謎の人物が立っているあたりから、終盤まではかなり好きだった。特に、ルピタ・ニョンゴ大活躍のクライマックスはフォーサイスの「In the middle somewhat elevated」(コンテンポラリーバレエの演目)を観ているようでテンションが上がった。画面の繋ぎ方、空間の使い方、ルピタ・ニョンゴの物言う身体性、すべてが調和して芸術的だった。

でも、そこから最後までの説明部分がなあ。醒めちゃう。そこまでの展開は予測がつかなくてハラハラしたし、「ああいうことかな?こういうことかな?これはアメリカのこういう現状を表しているのかな?」と考えながら楽しんでいたのに、ものすごーくわかりやすい部分ギリギリまで喋っちゃうんだもん。もっと謎を残したままでいいのに!わからなくてもいいのに!

それぞれキャラも立っていたし、スリラー展開も面白かったので、つくづく説明過多な部分だけが残念だった(オチは読める)。

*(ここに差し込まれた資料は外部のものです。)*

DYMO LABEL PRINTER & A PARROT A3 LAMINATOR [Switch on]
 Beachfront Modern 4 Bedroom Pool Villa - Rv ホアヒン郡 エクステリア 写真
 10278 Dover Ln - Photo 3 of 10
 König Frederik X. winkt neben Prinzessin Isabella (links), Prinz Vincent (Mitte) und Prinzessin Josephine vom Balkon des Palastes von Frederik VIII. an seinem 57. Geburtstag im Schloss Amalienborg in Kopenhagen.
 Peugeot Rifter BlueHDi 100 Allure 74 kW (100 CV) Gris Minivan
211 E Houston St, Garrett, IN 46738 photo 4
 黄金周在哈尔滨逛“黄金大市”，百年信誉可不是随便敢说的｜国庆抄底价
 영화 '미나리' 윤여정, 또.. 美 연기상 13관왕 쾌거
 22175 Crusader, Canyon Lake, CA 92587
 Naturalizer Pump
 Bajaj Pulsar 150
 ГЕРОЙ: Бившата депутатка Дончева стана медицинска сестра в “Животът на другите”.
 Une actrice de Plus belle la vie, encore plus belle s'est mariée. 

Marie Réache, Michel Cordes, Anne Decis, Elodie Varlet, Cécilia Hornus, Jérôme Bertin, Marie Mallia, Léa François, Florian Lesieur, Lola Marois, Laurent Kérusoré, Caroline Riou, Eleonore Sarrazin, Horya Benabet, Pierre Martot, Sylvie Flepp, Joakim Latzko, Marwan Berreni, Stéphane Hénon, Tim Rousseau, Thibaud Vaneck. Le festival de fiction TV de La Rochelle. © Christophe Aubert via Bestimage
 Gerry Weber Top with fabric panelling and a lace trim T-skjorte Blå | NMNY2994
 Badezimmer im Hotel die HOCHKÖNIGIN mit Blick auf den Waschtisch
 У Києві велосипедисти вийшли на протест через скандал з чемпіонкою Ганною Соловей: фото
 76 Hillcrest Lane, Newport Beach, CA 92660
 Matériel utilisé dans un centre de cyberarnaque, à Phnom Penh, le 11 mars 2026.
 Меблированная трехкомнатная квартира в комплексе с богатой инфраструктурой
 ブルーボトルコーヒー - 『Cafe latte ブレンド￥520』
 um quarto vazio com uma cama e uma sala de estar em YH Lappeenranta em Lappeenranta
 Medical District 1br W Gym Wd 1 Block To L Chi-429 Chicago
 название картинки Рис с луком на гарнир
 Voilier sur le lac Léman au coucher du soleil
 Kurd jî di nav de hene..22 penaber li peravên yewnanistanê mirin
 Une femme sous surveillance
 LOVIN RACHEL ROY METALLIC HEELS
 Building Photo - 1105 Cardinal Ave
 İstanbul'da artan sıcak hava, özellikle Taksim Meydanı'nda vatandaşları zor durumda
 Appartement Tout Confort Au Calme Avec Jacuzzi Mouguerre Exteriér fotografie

あと、『ハイ・ライズ』で低層階の住民を演じていたエリザベス・モスが、本作では隣人の裕福な白人女性を演じていたのが面白かった。エリザベス・モスは『ザ・スクエア 思いやりの聖域』でも典型的なアメリカ人女性を演じていたし、けっこう抽象的な作品に出がちな印象。おそらく彼女が普通っぽくありながらも、典型的な【白人・ブロンド・アメリカ人】の要素を有しているからなんだろうな。